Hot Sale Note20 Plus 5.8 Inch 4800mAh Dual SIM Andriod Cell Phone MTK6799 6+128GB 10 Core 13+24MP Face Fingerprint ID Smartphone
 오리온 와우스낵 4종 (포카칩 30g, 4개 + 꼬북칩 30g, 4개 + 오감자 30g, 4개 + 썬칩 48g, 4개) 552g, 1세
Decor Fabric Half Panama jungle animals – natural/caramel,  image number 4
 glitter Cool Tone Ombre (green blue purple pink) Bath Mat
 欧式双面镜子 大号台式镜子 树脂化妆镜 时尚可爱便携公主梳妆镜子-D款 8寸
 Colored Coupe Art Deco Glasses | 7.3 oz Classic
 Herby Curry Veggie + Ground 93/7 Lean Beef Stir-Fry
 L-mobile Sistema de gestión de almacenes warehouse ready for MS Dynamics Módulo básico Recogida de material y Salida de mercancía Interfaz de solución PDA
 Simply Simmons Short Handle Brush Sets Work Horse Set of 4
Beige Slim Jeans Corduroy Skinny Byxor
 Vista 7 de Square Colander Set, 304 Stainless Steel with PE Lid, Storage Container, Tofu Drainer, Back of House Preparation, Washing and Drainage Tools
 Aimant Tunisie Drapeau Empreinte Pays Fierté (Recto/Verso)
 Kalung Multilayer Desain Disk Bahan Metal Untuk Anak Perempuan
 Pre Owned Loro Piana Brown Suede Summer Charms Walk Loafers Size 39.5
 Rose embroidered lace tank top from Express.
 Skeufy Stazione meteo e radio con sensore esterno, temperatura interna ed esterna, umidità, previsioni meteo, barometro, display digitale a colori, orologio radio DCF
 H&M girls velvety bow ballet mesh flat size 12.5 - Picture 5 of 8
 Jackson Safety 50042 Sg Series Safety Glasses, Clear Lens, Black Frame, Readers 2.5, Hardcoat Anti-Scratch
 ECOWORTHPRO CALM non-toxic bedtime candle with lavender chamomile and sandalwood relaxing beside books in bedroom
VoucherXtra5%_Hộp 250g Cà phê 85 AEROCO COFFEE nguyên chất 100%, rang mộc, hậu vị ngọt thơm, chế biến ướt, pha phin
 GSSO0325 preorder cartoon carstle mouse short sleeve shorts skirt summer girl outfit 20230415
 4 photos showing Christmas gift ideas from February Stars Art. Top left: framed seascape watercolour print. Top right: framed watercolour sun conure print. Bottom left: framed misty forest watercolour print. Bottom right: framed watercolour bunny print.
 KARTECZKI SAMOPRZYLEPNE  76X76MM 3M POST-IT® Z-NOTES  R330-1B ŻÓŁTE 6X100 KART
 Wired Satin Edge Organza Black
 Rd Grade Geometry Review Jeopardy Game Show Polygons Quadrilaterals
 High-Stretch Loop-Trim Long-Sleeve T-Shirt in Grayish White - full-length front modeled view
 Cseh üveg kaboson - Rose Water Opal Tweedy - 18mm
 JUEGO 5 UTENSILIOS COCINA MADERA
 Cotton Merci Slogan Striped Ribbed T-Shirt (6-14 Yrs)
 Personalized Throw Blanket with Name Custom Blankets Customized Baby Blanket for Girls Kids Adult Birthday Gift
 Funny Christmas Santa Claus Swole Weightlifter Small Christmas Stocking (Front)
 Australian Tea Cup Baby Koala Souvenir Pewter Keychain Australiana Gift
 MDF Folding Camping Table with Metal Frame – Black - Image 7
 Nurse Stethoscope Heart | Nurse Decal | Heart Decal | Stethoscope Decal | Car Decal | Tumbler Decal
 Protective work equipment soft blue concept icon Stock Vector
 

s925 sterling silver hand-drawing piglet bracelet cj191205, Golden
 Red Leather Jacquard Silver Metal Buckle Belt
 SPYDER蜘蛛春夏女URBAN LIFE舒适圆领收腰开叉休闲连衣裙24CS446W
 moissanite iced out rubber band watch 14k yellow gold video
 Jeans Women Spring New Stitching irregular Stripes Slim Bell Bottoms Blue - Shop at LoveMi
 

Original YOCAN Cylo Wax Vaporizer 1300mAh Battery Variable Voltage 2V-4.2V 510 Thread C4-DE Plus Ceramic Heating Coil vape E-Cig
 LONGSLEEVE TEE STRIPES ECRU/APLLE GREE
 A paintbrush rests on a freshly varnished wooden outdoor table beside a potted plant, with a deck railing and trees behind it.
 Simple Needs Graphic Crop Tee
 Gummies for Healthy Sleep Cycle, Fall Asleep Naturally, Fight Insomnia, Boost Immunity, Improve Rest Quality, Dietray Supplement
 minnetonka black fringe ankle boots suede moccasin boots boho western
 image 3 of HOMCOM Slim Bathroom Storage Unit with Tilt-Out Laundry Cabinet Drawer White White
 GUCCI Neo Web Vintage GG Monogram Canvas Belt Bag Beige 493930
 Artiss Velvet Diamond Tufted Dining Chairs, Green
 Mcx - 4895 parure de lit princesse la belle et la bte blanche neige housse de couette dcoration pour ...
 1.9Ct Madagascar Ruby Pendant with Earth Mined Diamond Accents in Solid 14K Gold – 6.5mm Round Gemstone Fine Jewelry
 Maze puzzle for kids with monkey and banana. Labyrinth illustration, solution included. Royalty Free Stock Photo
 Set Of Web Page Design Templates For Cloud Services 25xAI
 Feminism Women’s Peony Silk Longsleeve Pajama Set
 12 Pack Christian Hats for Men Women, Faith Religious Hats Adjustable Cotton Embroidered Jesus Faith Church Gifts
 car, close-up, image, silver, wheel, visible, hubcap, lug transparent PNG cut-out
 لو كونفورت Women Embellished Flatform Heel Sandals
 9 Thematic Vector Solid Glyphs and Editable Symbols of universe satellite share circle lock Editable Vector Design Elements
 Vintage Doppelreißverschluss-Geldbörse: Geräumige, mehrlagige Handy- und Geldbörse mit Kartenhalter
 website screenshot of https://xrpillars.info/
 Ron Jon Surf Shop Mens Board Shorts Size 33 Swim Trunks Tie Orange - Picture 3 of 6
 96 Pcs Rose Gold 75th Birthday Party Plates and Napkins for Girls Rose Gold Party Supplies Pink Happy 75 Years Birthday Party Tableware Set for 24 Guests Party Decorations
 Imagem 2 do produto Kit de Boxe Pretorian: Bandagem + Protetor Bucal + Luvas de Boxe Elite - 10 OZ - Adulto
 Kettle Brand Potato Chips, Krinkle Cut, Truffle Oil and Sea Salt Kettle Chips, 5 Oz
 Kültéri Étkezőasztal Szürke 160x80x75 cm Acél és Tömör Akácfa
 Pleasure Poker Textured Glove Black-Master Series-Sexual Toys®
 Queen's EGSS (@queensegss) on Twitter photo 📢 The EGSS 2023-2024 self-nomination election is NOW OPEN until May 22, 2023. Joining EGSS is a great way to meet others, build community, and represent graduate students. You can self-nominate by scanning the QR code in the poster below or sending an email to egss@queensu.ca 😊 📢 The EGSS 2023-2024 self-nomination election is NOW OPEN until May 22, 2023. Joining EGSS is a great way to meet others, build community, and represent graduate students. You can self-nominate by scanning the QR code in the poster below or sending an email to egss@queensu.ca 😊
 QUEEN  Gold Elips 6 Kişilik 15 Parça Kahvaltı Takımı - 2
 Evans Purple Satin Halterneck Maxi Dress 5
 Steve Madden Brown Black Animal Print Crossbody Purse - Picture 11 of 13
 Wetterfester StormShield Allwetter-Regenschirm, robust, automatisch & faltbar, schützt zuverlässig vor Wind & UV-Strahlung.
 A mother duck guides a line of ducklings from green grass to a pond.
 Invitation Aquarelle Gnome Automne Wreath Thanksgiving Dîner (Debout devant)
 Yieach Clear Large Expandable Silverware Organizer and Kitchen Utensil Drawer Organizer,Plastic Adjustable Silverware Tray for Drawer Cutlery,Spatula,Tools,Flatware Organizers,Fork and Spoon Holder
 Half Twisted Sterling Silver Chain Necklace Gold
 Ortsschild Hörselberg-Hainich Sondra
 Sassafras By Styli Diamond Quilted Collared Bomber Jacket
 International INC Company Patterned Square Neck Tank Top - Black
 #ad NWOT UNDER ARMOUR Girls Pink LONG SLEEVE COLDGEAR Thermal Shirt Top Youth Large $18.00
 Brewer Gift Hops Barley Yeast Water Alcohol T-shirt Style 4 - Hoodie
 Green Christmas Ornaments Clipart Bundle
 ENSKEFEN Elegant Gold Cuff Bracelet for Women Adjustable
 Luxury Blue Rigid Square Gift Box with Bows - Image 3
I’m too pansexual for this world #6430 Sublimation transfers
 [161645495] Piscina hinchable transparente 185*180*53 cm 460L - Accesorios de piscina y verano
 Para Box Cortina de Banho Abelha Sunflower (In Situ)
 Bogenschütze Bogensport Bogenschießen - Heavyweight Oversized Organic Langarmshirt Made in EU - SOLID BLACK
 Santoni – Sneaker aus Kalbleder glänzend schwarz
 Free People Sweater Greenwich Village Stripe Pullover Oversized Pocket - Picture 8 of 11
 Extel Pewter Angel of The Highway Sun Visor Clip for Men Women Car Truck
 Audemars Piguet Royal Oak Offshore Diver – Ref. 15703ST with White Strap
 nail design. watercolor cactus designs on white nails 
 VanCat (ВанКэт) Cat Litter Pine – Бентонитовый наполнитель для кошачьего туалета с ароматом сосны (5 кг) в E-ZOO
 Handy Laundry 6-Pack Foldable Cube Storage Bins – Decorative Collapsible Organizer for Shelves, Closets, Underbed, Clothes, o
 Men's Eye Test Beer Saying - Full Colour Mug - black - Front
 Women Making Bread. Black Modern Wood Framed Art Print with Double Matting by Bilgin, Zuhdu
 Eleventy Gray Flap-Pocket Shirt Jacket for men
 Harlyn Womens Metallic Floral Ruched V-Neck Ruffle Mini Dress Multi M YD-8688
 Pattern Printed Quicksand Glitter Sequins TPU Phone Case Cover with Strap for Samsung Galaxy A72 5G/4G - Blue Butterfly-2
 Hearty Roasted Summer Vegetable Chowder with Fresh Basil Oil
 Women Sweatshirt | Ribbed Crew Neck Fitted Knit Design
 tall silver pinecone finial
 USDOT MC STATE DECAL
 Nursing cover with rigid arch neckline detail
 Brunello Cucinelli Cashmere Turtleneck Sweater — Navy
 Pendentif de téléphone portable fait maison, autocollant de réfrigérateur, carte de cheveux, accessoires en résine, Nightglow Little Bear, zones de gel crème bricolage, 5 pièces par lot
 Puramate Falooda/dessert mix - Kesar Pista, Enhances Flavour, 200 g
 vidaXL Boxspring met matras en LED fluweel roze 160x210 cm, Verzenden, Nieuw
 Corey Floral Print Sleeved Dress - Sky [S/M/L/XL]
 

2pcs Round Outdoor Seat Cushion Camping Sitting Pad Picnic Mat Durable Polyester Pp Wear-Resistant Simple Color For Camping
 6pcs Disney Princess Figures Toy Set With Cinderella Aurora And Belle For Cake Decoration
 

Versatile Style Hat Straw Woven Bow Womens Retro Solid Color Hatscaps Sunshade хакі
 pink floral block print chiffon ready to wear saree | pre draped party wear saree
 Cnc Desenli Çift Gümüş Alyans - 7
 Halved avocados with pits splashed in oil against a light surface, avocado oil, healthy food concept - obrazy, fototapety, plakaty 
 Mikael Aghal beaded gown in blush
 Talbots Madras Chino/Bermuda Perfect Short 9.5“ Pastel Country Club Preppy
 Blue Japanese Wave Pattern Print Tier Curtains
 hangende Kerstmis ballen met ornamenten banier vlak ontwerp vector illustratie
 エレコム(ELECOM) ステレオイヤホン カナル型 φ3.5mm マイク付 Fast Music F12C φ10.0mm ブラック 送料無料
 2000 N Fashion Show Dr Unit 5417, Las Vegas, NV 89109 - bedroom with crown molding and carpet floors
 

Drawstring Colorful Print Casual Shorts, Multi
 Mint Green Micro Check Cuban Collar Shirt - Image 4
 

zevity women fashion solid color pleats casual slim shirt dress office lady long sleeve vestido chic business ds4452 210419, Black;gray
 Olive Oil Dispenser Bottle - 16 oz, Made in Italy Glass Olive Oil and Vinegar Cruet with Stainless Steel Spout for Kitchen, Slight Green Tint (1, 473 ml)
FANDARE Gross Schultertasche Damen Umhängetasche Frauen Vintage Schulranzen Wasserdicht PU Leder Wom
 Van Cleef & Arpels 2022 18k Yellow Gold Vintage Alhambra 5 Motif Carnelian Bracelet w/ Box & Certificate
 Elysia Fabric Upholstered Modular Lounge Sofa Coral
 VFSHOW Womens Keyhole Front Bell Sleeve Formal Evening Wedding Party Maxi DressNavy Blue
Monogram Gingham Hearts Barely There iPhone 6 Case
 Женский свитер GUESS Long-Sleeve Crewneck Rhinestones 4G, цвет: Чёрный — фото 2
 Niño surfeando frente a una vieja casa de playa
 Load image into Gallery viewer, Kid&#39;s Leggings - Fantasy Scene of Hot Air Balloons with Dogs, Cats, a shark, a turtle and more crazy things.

◇ ◇ ◇ ◇

Looking back over the data above, restate word for word the lines that begin at the line with "12 Pack Christian" and end at the line with "Invitation Aquarelle Gnome", inclusive.

 12 Pack Christian Hats for Men Women, Faith Religious Hats Adjustable Cotton Embroidered Jesus Faith Church Gifts
 car, close-up, image, silver, wheel, visible, hubcap, lug transparent PNG cut-out
 لو كونفورت Women Embellished Flatform Heel Sandals
 9 Thematic Vector Solid Glyphs and Editable Symbols of universe satellite share circle lock Editable Vector Design Elements
 Vintage Doppelreißverschluss-Geldbörse: Geräumige, mehrlagige Handy- und Geldbörse mit Kartenhalter
 website screenshot of https://xrpillars.info/
 Ron Jon Surf Shop Mens Board Shorts Size 33 Swim Trunks Tie Orange - Picture 3 of 6
 96 Pcs Rose Gold 75th Birthday Party Plates and Napkins for Girls Rose Gold Party Supplies Pink Happy 75 Years Birthday Party Tableware Set for 24 Guests Party Decorations
 Imagem 2 do produto Kit de Boxe Pretorian: Bandagem + Protetor Bucal + Luvas de Boxe Elite - 10 OZ - Adulto
 Kettle Brand Potato Chips, Krinkle Cut, Truffle Oil and Sea Salt Kettle Chips, 5 Oz
 Kültéri Étkezőasztal Szürke 160x80x75 cm Acél és Tömör Akácfa
 Pleasure Poker Textured Glove Black-Master Series-Sexual Toys®
 Queen's EGSS (@queensegss) on Twitter photo 📢 The EGSS 2023-2024 self-nomination election is NOW OPEN until May 22, 2023. Joining EGSS is a great way to meet others, build community, and represent graduate students. You can self-nominate by scanning the QR code in the poster below or sending an email to egss@queensu.ca 😊 📢 The EGSS 2023-2024 self-nomination election is NOW OPEN until May 22, 2023. Joining EGSS is a great way to meet others, build community, and represent graduate students. You can self-nominate by scanning the QR code in the poster below or sending an email to egss@queensu.ca 😊
 QUEEN  Gold Elips 6 Kişilik 15 Parça Kahvaltı Takımı - 2
 Evans Purple Satin Halterneck Maxi Dress 5
 Steve Madden Brown Black Animal Print Crossbody Purse - Picture 11 of 13
 Wetterfester StormShield Allwetter-Regenschirm, robust, automatisch & faltbar, schützt zuverlässig vor Wind & UV-Strahlung.
 A mother duck guides a line of ducklings from green grass to a pond.
 Invitation Aquarelle Gnome Automne Wreath Thanksgiving Dîner (Debout devant)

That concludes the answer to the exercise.